_HOW TO COMPLETE THIS TASK_
Reproduce exactly the line with "Avril Lavigne, thảm" and every line that follows it below, up to and including the last one. Do not include pictures or anything else.

_MATERIAL FOR THIS TASK_
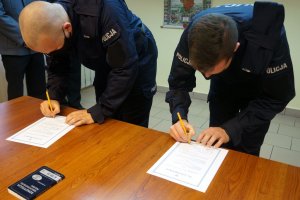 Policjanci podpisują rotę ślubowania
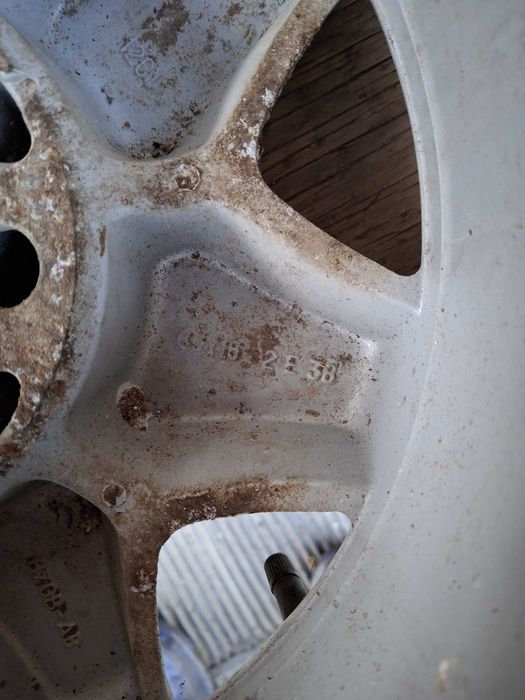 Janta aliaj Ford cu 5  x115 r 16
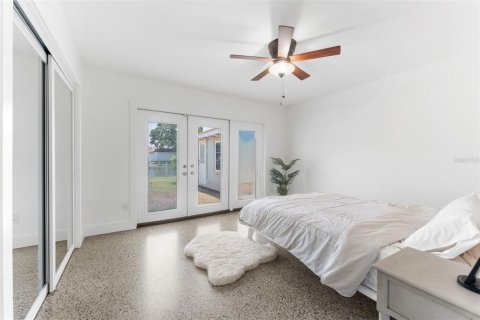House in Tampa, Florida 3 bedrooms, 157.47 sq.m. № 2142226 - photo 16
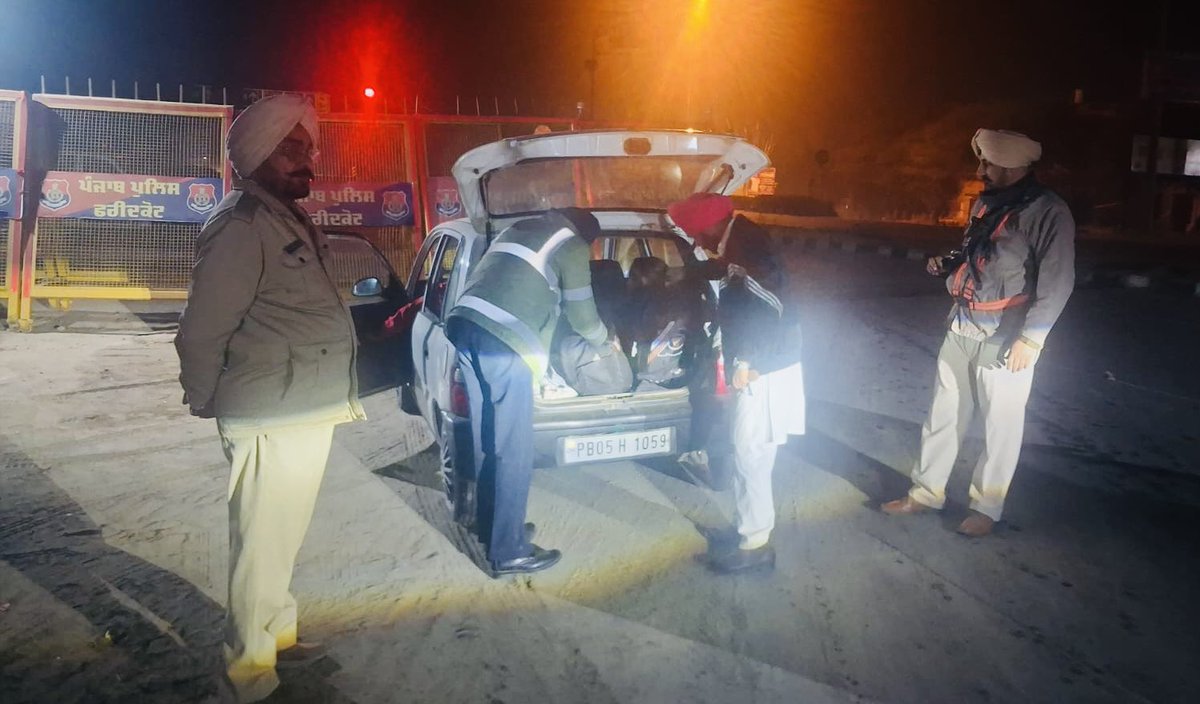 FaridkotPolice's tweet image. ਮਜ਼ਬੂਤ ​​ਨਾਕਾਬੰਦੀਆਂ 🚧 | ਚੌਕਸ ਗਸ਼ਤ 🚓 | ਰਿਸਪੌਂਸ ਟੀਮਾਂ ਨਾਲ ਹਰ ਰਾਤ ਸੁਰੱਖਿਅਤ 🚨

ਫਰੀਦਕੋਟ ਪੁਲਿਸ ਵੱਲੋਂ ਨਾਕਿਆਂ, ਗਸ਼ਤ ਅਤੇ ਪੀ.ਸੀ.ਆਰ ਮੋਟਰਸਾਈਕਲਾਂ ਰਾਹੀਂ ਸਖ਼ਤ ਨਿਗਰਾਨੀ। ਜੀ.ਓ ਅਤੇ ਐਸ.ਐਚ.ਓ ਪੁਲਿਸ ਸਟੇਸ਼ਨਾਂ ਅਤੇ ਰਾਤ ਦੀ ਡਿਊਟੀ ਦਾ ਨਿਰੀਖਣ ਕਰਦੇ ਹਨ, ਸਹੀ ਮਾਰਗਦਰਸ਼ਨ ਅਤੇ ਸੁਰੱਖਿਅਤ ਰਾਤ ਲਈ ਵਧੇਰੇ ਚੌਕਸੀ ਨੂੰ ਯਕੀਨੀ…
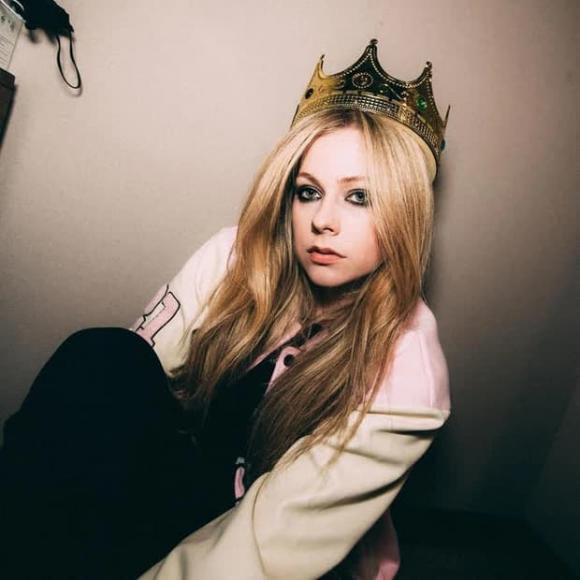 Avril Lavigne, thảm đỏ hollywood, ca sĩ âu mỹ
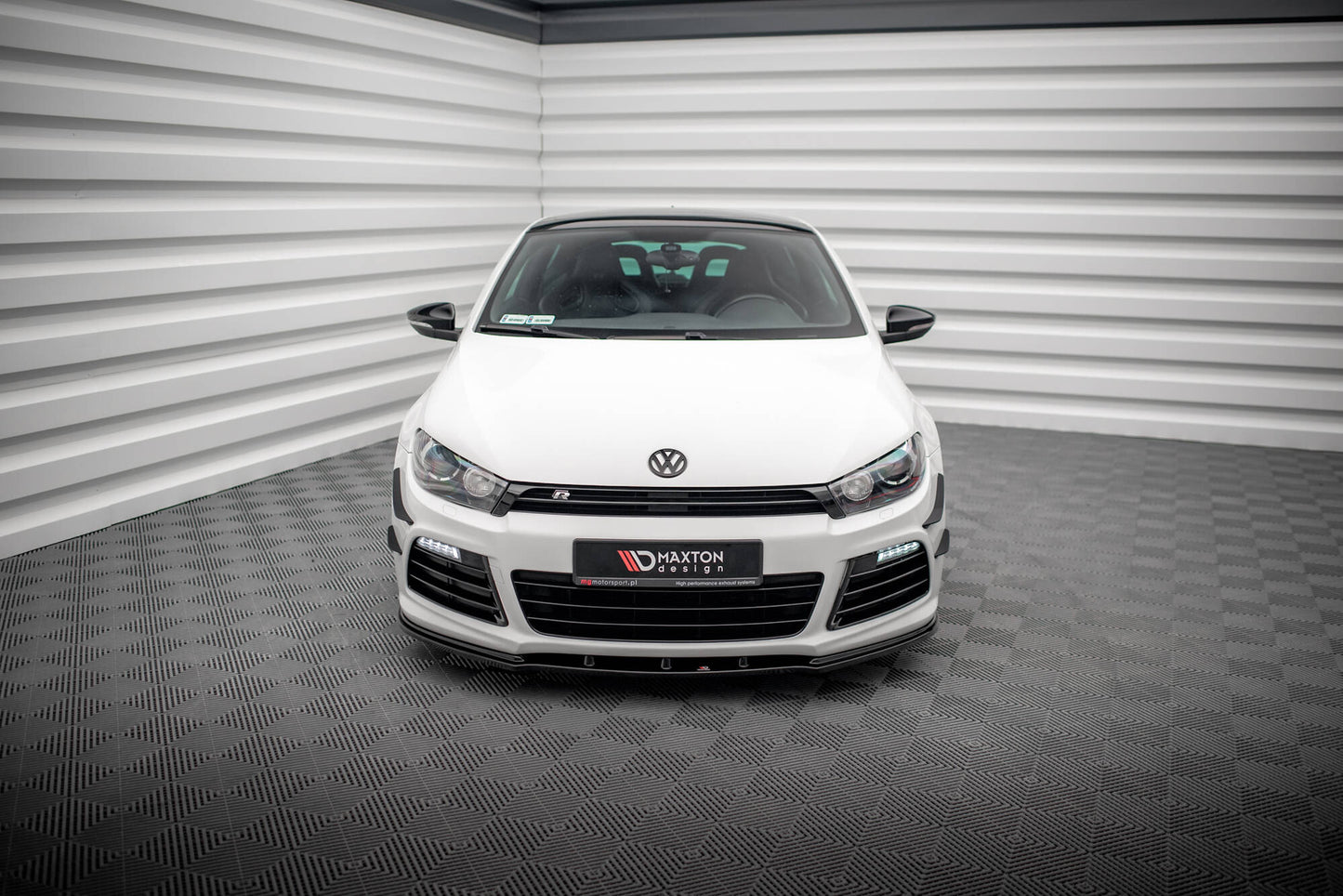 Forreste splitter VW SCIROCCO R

_OUTPUT FOR THIS TASK_
 Avril Lavigne, thảm đỏ hollywood, ca sĩ âu mỹ
 Forreste splitter VW SCIROCCO R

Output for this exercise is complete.